『不測の事態』について byかんとく

久々に内田樹先生の著書『疲れすぎて眠れぬ夜のために』(角川書店)を読む。

このところ読書ができていなかった。

週末ごとにリーグ戦、それがために無理を言って調整してもらったため

やや大変な勤務形態の週中、帰れば週末のために嫁に接待を実施。

ということで疲れたリーグ戦でした。

しかし忙しすぎてはいかんなあ、物事に対して余裕を持って対応しきれない。

何事も中庸が肝心である。

ということでバランスを取るために読書、読書。

・・・・・

さて表題の件。

氏が書く観点として「いかに無用な攻撃をされない位置にいるか」というものがある。

村上春樹が書く邪悪な存在を一つのたとえとして、いかに対応するかを書くことがよくある。

そういえば村上春樹が世界的に売れるのも、村上春樹が提起する、

主人公と邪悪なものとの接点が、世界の読者に受け入れられている結果かもしれない。

キリスト教徒たちにおける邪悪な存在は、そこに元々存在していた邪悪な者の土地に

自分たちが足を踏み入れるところから始まるものが多いようである。

(ホラー映画の古典をはじめ、「ジョーズ」では海、「エイリアン」では宇宙など

相手のテリトリーに踏み込むことで悲劇が起こる。それに比べて日本のホラーは

過去の主人公の行動が原因となって呪われるとか、憑りつかれたり、

恨まれたりした結果という、原因と結果があってのホラーが多い。)

不測の事態に対していかに自分をコントロールするかという意味では、

下記に引用する文章でも同じことが言える。

・・・・・

「子どもがまず『礼儀正しく』ということを教え込まれるのは、

子どもからすると、世の中のほとんどの人間が『権力を持っている人間』だからです。

『子どもである』というのは、周りのほとんどすべての人間によって

傷つけられる可能性があるということです。

それくらいに『子どもである』というのはリスキーな状況なのです。

だからこそ、子どもに向かって『礼儀正しくしなさい』と教えるのです。

『君はすごく無力なんだから、まずきっちりディフェンスを固めておきなさいよ』と。

経験的にご存じと思いますが、人から『礼儀正しい応対をされる』となんとなく

『かわされる』という感じがします。『かわされる』あるいは『はずされる』とか

『ずらされる』という感じです。そういう対応をされると、それ以上『突っ込めない』のです。

こちらが攻撃的になろうとしても、なりきれない。」

(上述『疲れすぎて眠れぬ夜のために』p.200-201)

・・・・・

人間というのはもう長い年月を生きているものである。

とりあえず西暦だけでも2012年ほどはあるわけである。

あなたという人間がどれほど長く生きてきたかは知らないが、

兎にも角にもそういう人間が生きて来て必要だと思われることは

多くの場合、色んな所に記されているものである。

東北大震災では、津波の過去からの伝承こそが人が生き延びるための道標となった。

それは生き残った人間が「これは一大事だから後世に伝えていくべきだ」と

思ったということもそうだが、伝えられた方も「よくよく意味はかわからなくとも、

これは伝えておかないとまずい気がする」と思ったから伝えてつづけられたのだろう。

現代では当然である「数字」を基礎とした点では、この伝承など合理的な物とは言えない。

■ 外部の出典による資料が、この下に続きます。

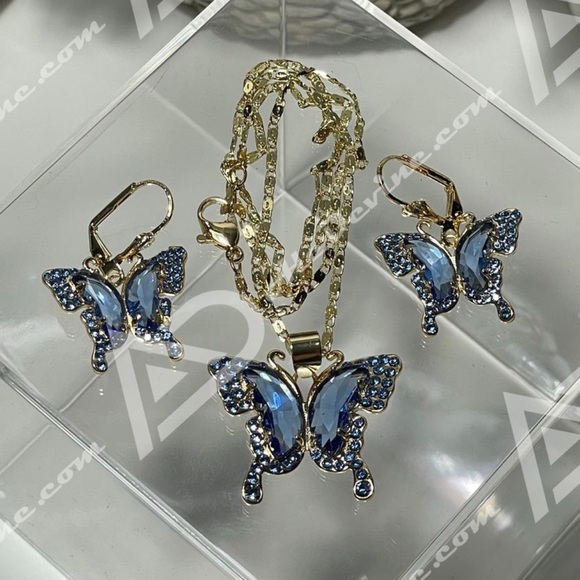 Blue Butterfly Set (gold plated) - Picture 3 of 8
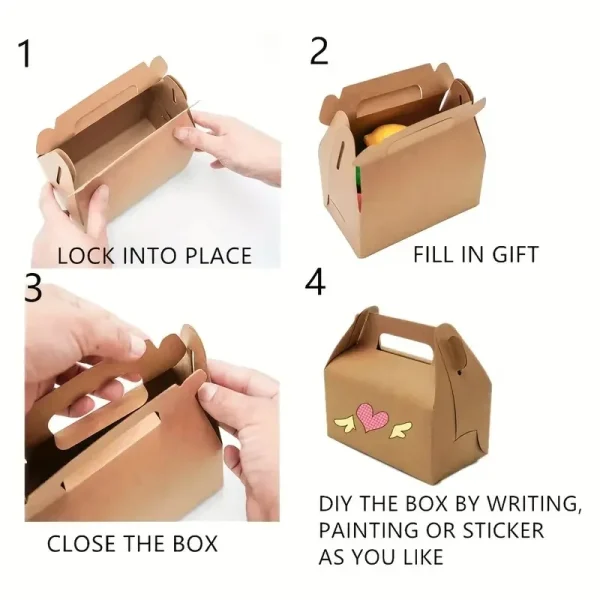 10/30 pack, party packaging box, kraft paper candy box, DIY party decoration cake box, packaging box, wedding decorations 4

しかしながら、この「一見不合理なもの」が多くの人を救ったのも確かである。

・・・・・

もう一度、上述の文章と、引用を読み直してほしい。

ボクシングにおいて、身を守るためには何が必要か。

ボクシングに限らず学んでいくために必要なものは何か。

『邪悪なもの』『礼儀正しさ』と『子ども』『不測の事態』というものを

別の単語に置き換えましょう。

答えはいつも書いてることばかりなんですけどね。